By Isambard Wilkinson in Islamabad
Last Updated: 10:28PM BST 06 Oct 2008
Officially, the central bank holds $8.14 billion (£4.65 billion) of foreign currency, but if forward liabilities are included, the real reserves may be only $3 billion - enough to buy about 30 days of imports like oil and food.
Nine months ago, Pakistan had $16 bn in the coffers.
The government is engulfed by crises left behind by Pervez Musharraf, the military ruler who resigned the presidency in August. High oil prices have combined with endemic corruption and mismanagement to inflict huge damage on the economy.
Given the country's standing as a frontline state in the US-led "war on terrorism", the economic crisis has profound consequences. Pakistan already faces worsening security as the army clashes with militants in the lawless Tribal Areas on the north-west frontier with Afghanistan.
The economic crisis has already placed the future of the new government in doubt after the transition to a civilian rule. President Asif Ali Zardari has faced numerous but unproven allegations of corruption dating from the two governments led by his wife, Benazir Bhutto, who was assassinated last December.
The Wall Street Journal said that Pakistan's economic travails were "at least in part, a crisis of confidence in him".
While Mr Musharraf's prime minister, Shaukat Aziz, frequently likened Pakistan to a "Tiger economy", the former government left an economy on the brink of ruin without any durable base.
The Pakistan rupee has lost more than 21 per cent of its value so far this year and inflation now runs at 25 per cent.

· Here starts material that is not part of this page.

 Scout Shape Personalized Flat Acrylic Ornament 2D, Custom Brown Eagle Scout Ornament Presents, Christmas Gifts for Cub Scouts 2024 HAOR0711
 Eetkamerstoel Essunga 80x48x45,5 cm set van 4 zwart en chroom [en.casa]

The rise in world prices has driven up Pakistan's food and oil bill by a third since 2007.
Efforts to defer payment for 100,000 barrels of oil supplied every day by Saudi Arabia have not yet yielded results, while the government has also failed to raise loans on favourable terms from "friendly countries".

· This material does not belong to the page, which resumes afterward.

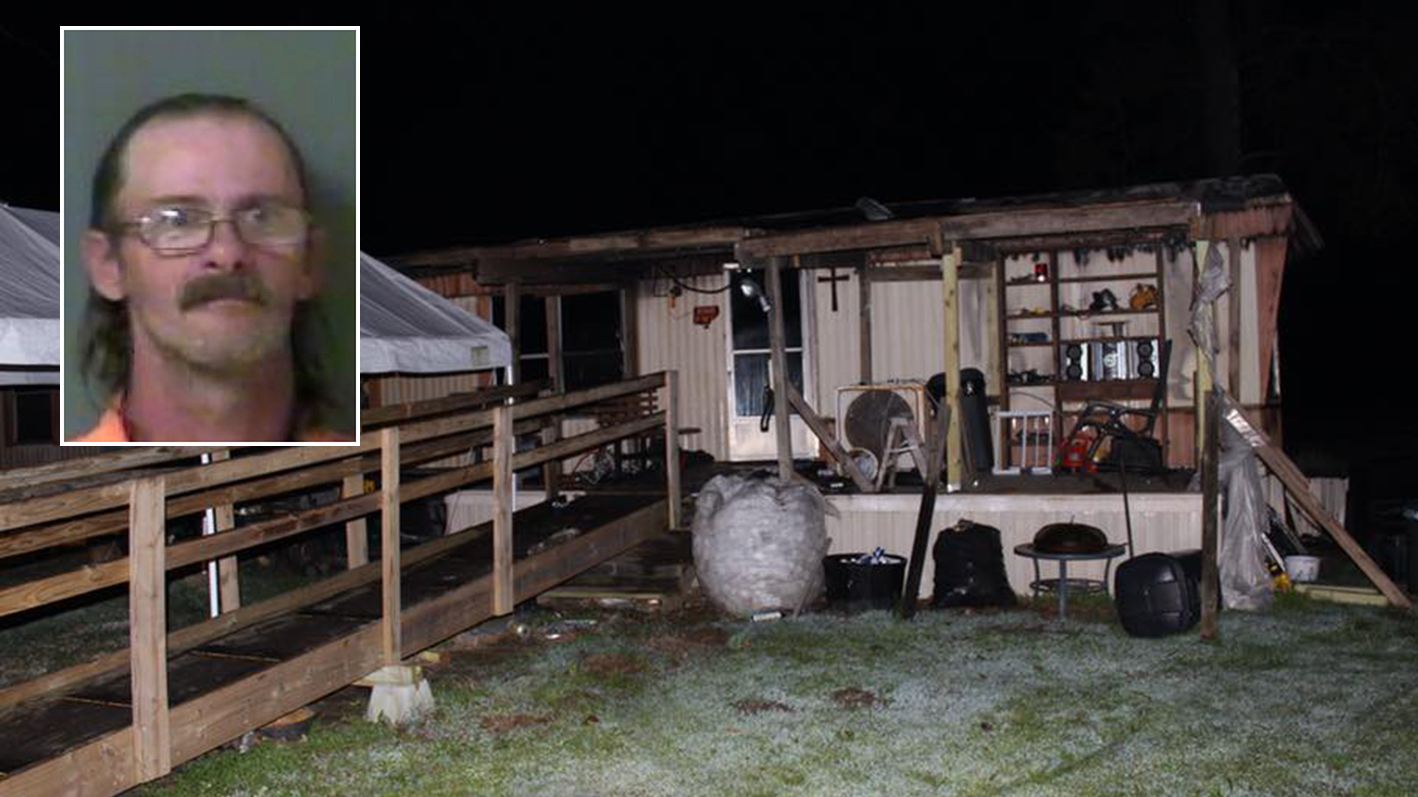 Kenneth Fulford, inset, faces multiple charges after setting fire to his home with his wife inside.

Mr Zardari told the Wall Street Journal that Pakistan needed a bail out worth $100 billion from the international community.
"If I can't pay my own oil bill, how am I going to increase my police?" he asked. "The oil companies are asking me to pay $135 [per barrel] of oil and at the same time they want me to keep the world peaceful and Pakistan peaceful."

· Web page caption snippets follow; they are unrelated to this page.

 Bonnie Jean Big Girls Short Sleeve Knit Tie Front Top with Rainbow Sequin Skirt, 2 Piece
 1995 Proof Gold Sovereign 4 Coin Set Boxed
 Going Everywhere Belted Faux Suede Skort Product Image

The ratings agency Standard and Poor's has given Pakistan's sovereign debt a grade of CCC +, which stands only a few notches above the default level.
The agency gave warning that Pakistan may be unable to cover about $3 billion in upcoming debt payments.
Mr Zardari is expected to ask the international community for a rescue package at a meeting in Abu Dhabi next month.
This gathering will determine whether the West is willing to bail out Pakistan.